Two different things. Star Trek is supposed to be set in our future, not some alternate history/reality. That's what it is. So ignore or just don't mention the stuff that contradicts actual events. Replacing or ignoring those events is not replacing the show. Its moving the show forward by adapting it to the times. As a science fiction show, Star Trek is allowed to have warp drive, hybrids and transporters.

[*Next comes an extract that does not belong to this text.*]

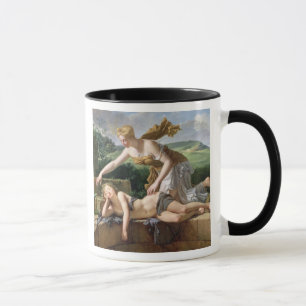 The Child of Fortune, 1801 (oil on canvas) Mug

What it is to be human is changing, and ever more quickly, even as we speak. Meaning computer-brain interface and brain to brain connection. So in a few years not to have that in a fictional future might seem really weird, like when we read a scifi book written in the 1890s and nobody has cars in the futuristic 1980s. Borg as something terrible might be really laughable to the augmented people watching TNG 10 or 30 years from now. But we still read Verne and Welles and even Bradbury (who has guys smoking on one of his Mars missions, iirc - how stone age!) to gain insight into their conceptions of the future and - more importantly - their conceptions of the human adventure. Which is, after all, only beginning.

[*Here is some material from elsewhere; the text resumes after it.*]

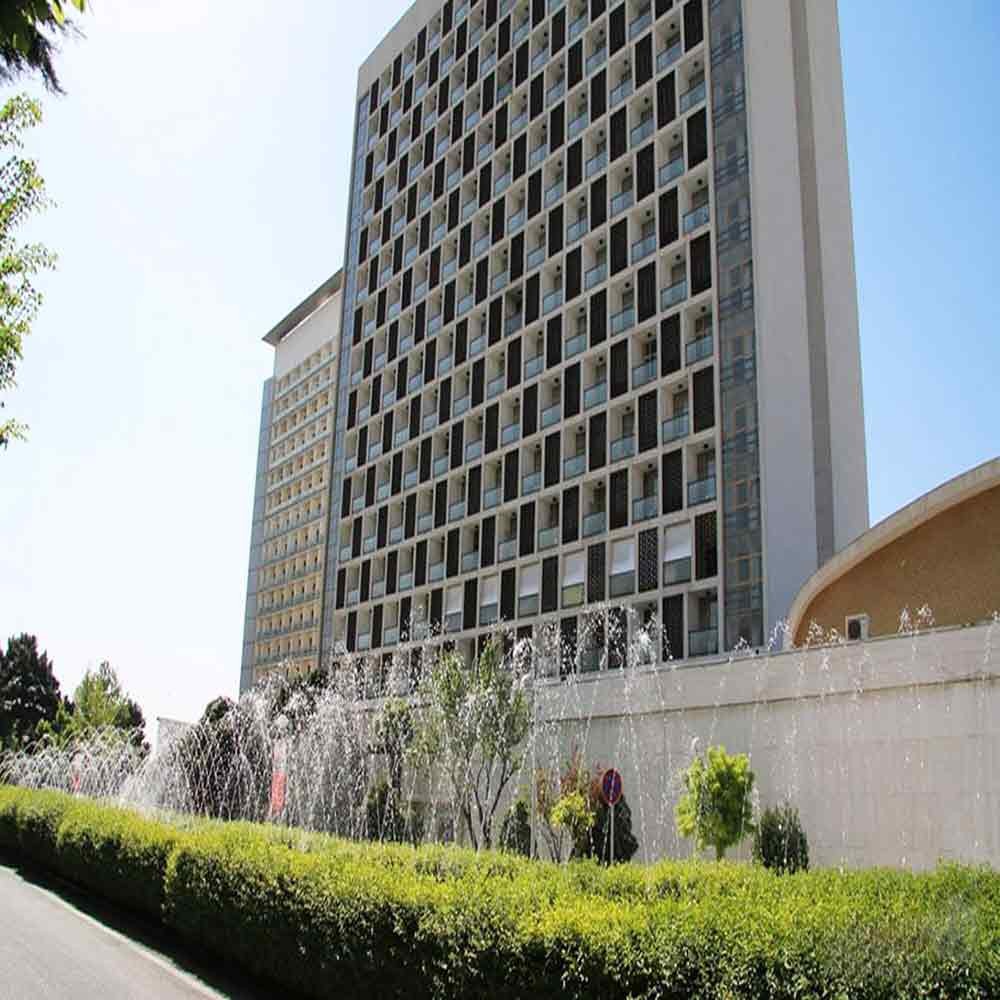 فندق استقلال طهران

This is going to be difficult to understand, but I'll take a stab at it. As I get older, I find that I feel more in touch with people that lived in other times. EX: When you're a kid and read about Mutiny on the Bounty or WW2...those people may as well be aliens. But when you're older, you think "Mutiny on the Bounty was just FOUR of my lifetimes ago. Those people wern't aliens. They had the exact same fears and desire for life that we all do." So when people talk about 'singularities' and how unrecognizable the future soon will be....I'm skeptical.